RainSD: Rain Style Diversification Module for Image Synthesis Enhancement using Feature-Level Style Distribution
Hyeonjae Jeon, Junghyun Seo, Taesoo Kim, Sungho Son, Jungki Lee, Gyeungho Choi, Yongseob Lim
TL;DR
This work tackles sensor blockage in autonomous driving caused by heavy rain by generating realistic rainy training data from real-road images. It introduces RainSD, a rainy-style diversification module that augments a TSIT-based image-to-image translator to produce rain-streaked scenes across varied rainfall rates ($10$–$100$ mm/h) while preserving scene content. A synthetic dataset derived from BDD100K is used to benchmark multi-task perception networks (lane detection, driving-area segmentation, and traffic object detection), with RainSD+TSIT showing robustness gains over baselines in many scenarios.
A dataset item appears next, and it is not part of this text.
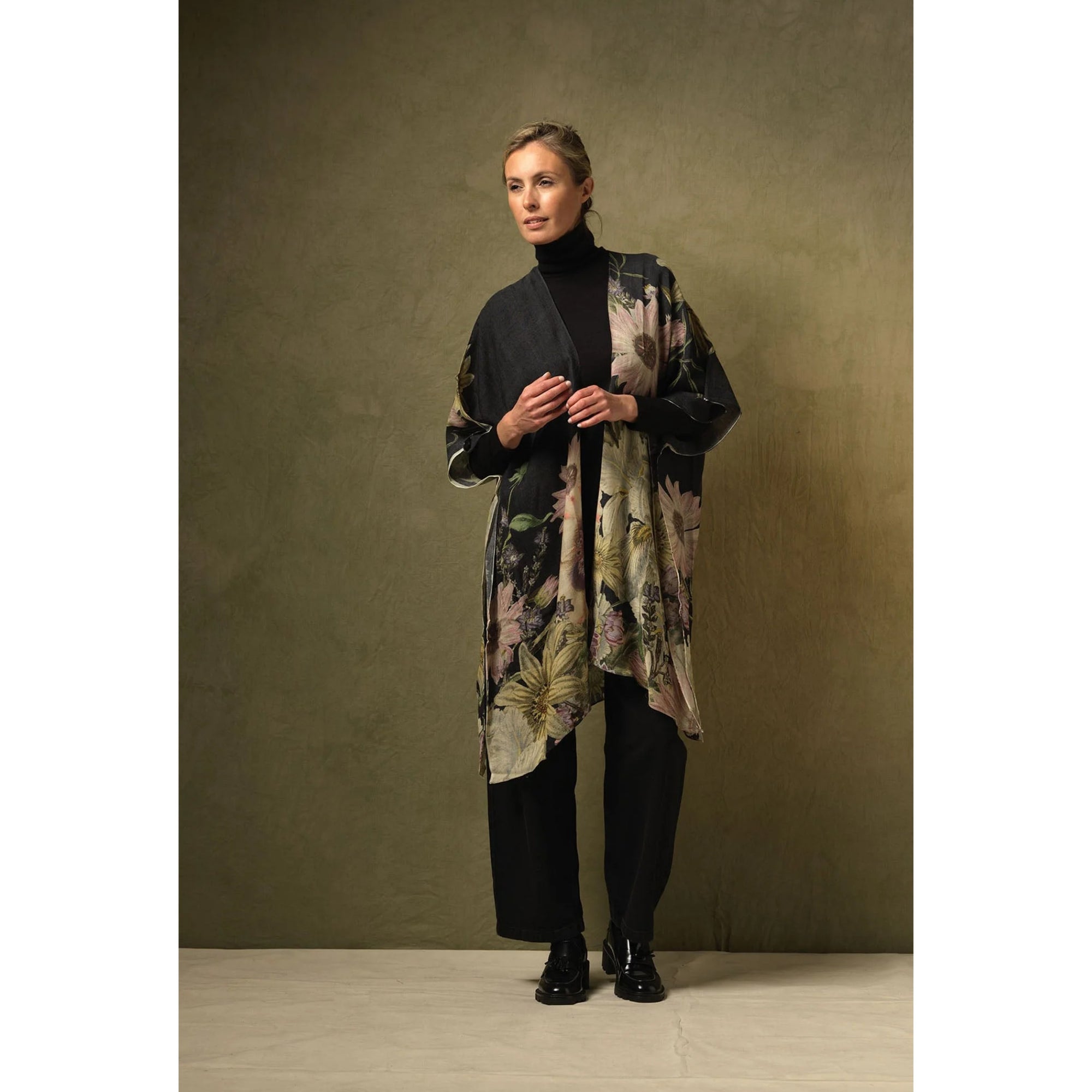 One Hundred Stars Daisy Black Wool Throwover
The paper also analyzes feature-level style distribution shifts, noting that heavier rain tends to darken outputs and discussing implications for future rainy-image synthesis and model evaluation.
Abstract
Autonomous driving technology nowadays targets to level 4 or beyond, but the researchers are faced with some limitations for developing reliable driving algorithms in diverse challenges. To promote the autonomous vehicles to spread widely, it is important to address safety issues on this technology. Among various safety concerns, the sensor blockage problem by severe weather conditions can be one of the most frequent threats for multi-task learning based perception algorithms during autonomous driving. To handle this problem, the importance of the generation of proper datasets is becoming more significant. In this paper, a synthetic road dataset with sensor blockage generated from real road dataset BDD100K is suggested in the format of BDD100K annotation. Rain streaks for each frame were made by an experimentally established equation and translated utilizing the image-to-image translation network based on style transfer. Using this dataset, the degradation of the diverse multi-task networks for autonomous driving, such as lane detection, driving area segmentation, and traffic object detection, has been thoroughly evaluated and analyzed. The tendency of the performance degradation of deep neural network-based perception systems for autonomous vehicle has been analyzed in depth. Finally, we discuss the limitation and the future directions of the deep neural network-based perception algorithms and autonomous driving dataset generation based on image-to-image translation.